Forget heated debates and impassioned explanations. It’s time to re-imagine apologetics for a new generation of children.
A few weeks ago, my 10-year -old son came home from school with a huge smile on his face. “John’s a Christian now!”
“Wow! That’s really cool! Tell me about it.” I’m not sure what I was expecting to hear. Maybe that Jeremiah had learned about the Four Spiritual Laws in his small group at church and walked his friend through those. Or maybe that he’d memorized the verses along the Romans Road and used those on John. Isn’t that what you’re supposed to do when you’re grounded in your faith and share the gospel?

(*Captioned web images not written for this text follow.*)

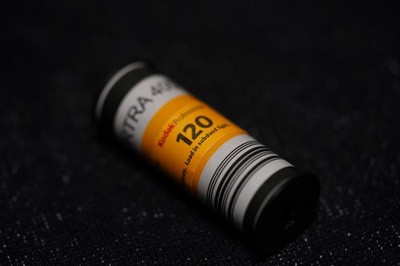Kodak PORTRA 400 (120 film) (Expired 12/2024)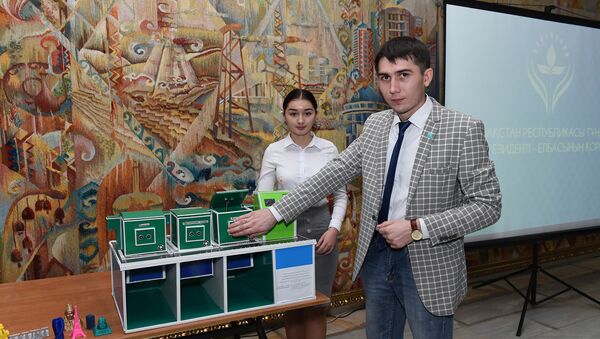 Студенты из Астаны разработали умную мусорку стоимостью 7 миллионов - Sputnik Казахстан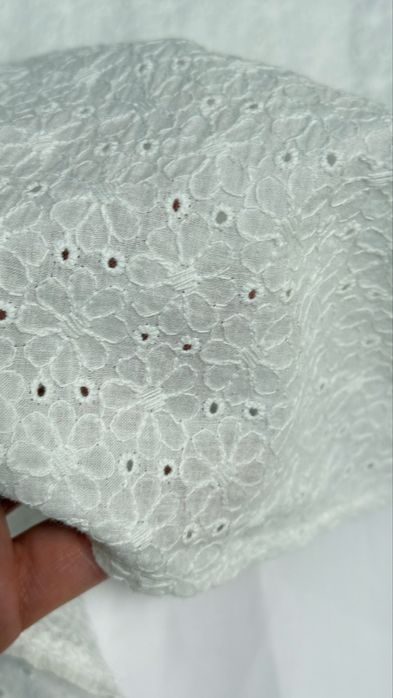 Біла літня сукня з прошви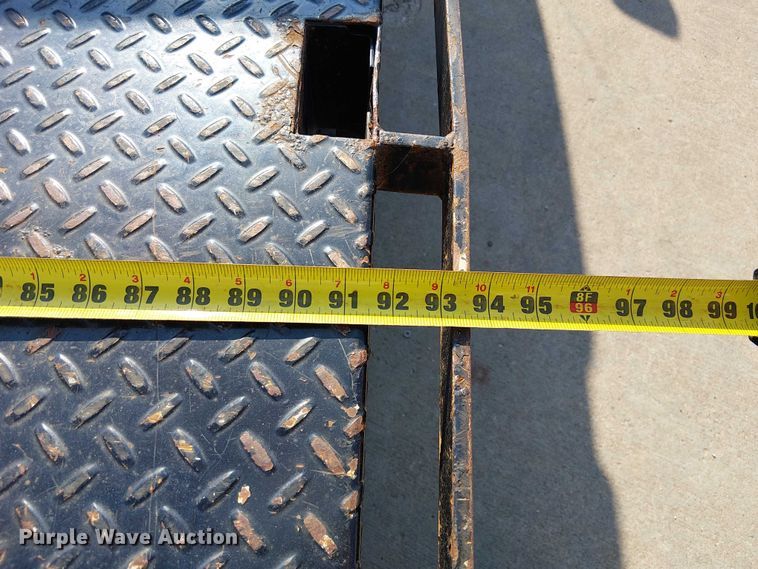 image for item DU3593 2014 Ford F350 Super Duty flatbed pickup truck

What Jeremiah told me, though, had nothing to do with laws or a road. He said he’d simply told John a story-God’s story. God had created a perfect world that was broken, and humans chose to disobey God. Today, sin keeps us from being friends with God. He told John about God sending Jesus to fix what humans broke by taking our punishment for sin so that we can be friends with God forever. John didn’t ask my son for proof. He didn’t even argue about the validity of what my son shared with him. They were friends; John knew Jeremiah and trusted him. After a few clarifying questions, John declared, “Well, I want to be a Christian then.”
Yeah, I was pretty proud of my son.
A New Outlook
The premise of Diary, a reality show on MTV that follows celebrities through their so-called “everyday lives,” is that we make assumptions about how these celebrities live-only to find out how wrong we are. The show’s tagline is “You think you know…but you have NO idea.” I think the same principle applies to how we assume children communicate their faith with one another. Ironically, we’ve forgotten what it’s like to be a child.
In our desire to make sure that the kids we minister to own and hold onto their faith in the midst of a culture of spiritual pluralism, we turn to the world of apologetics. When applied to children’s ministry, apologetics has traditionally been about making sure children are learning the right information in Sunday school so they can adequately defend their faith against inevitable opposition by the unchurched world.
We’ve also ensured children learn proven techniques to share their faith, which included more information that could simply be memorized and used at a moment’s notice.
We’ve all read the statistics, though. More and more children are walking away from church when they reach their 20s…the years we tried so desperately to prepare them for by equipping them with a defensive apologetics of information.